── Data for analysis ──

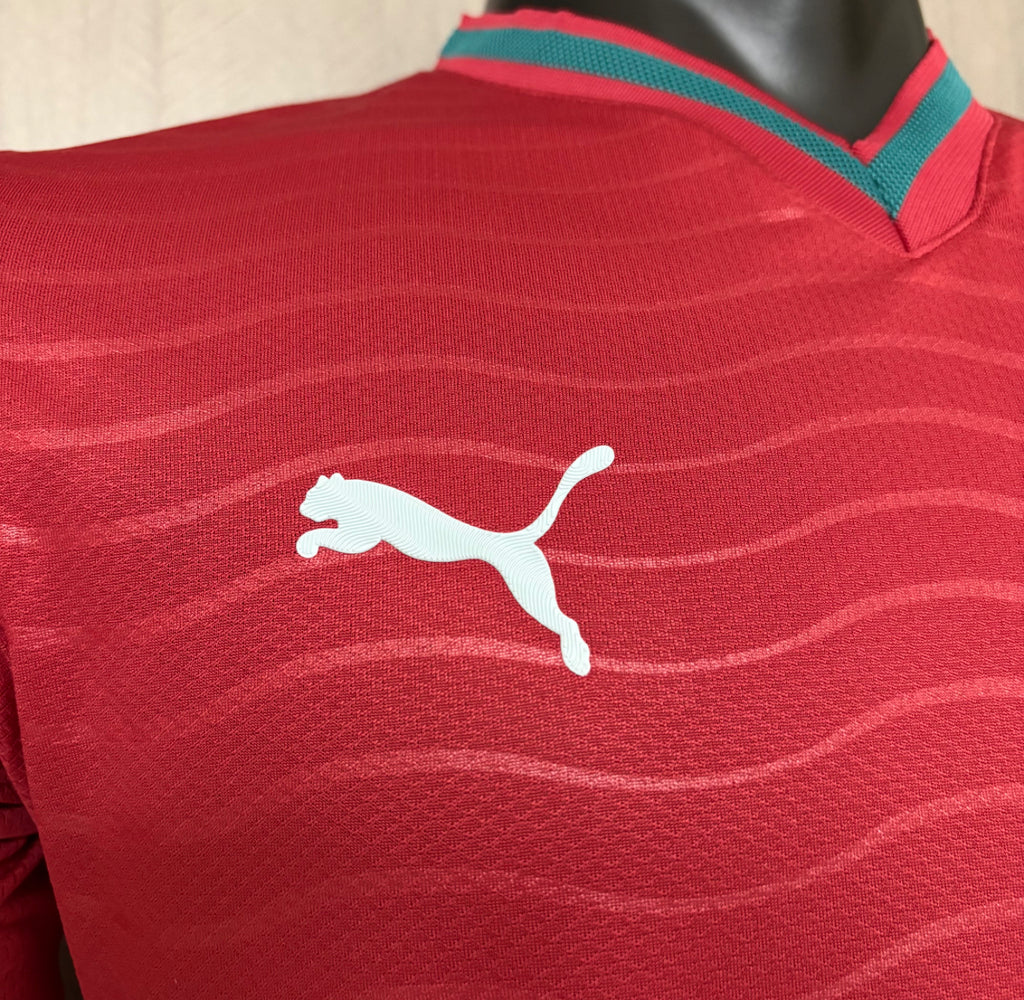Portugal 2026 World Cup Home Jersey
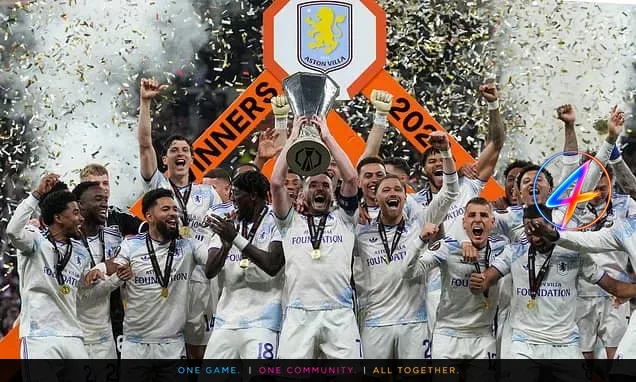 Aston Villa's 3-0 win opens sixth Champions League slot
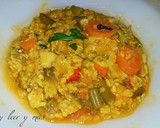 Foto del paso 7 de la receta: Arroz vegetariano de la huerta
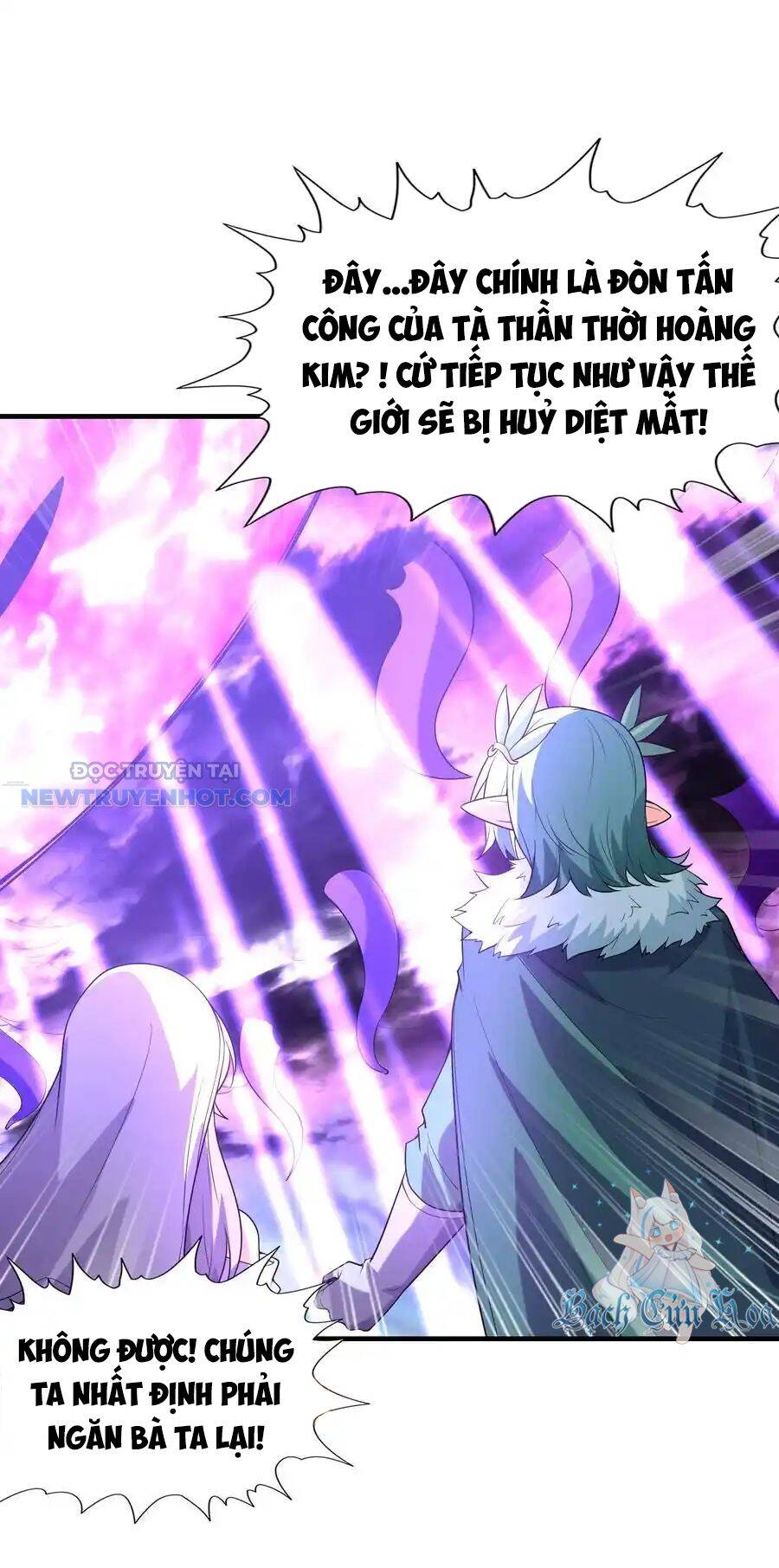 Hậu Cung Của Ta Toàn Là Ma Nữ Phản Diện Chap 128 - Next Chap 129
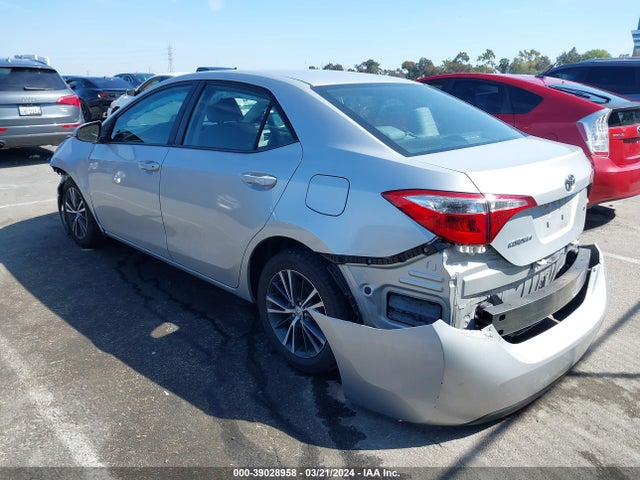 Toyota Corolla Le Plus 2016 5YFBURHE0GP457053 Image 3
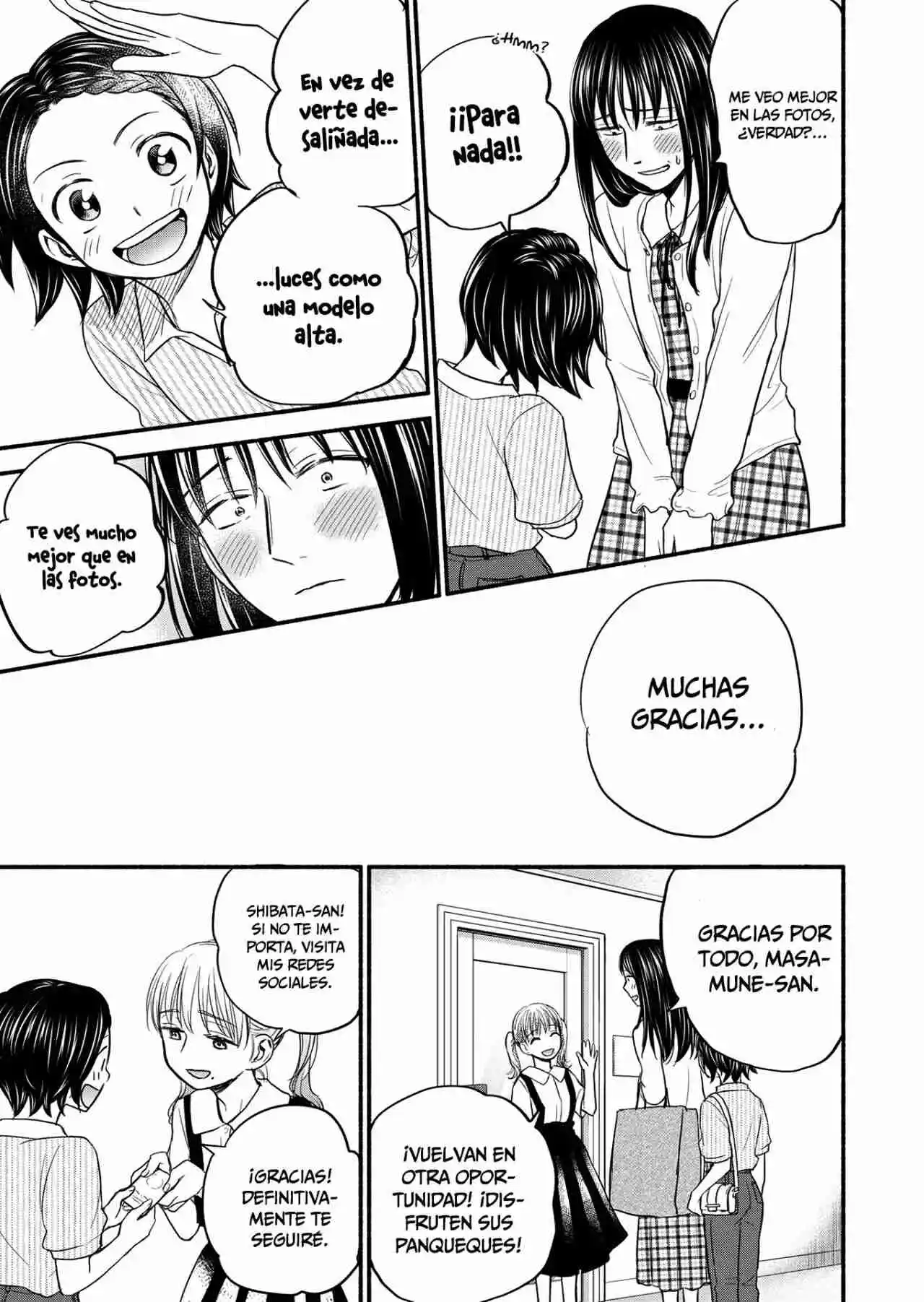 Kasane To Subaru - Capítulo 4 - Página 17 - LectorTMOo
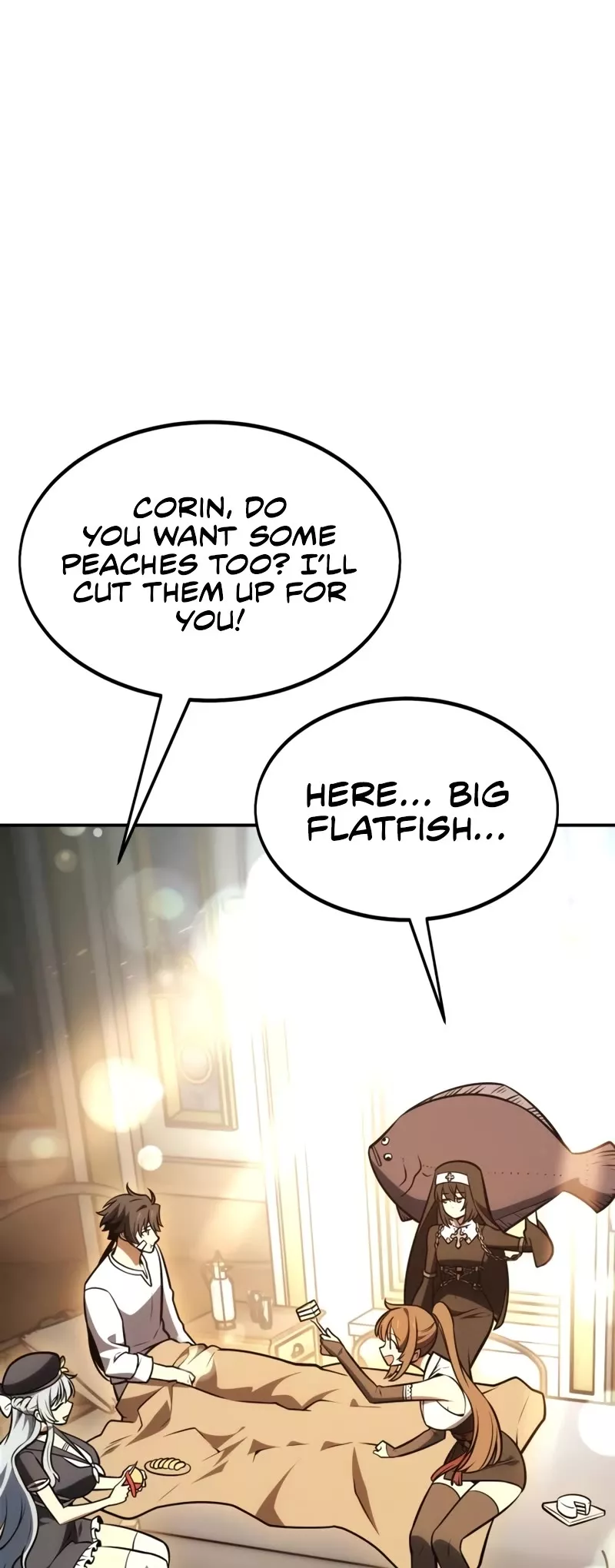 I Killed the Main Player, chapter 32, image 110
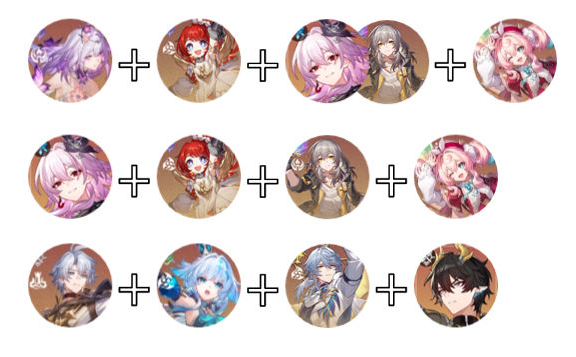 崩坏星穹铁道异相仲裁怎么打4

───

What you need to do:
For this exercise, return the records above in full and exactly, omitting the images.

Reply:
Portugal 2026 World Cup Home Jersey
 Aston Villa's 3-0 win opens sixth Champions League slot
 Foto del paso 7 de la receta: Arroz vegetariano de la huerta
 Hậu Cung Của Ta Toàn Là Ma Nữ Phản Diện Chap 128 - Next Chap 129
 Toyota Corolla Le Plus 2016 5YFBURHE0GP457053 Image 3
 Kasane To Subaru - Capítulo 4 - Página 17 - LectorTMOo
 I Killed the Main Player, chapter 32, image 110
 崩坏星穹铁道异相仲裁怎么打4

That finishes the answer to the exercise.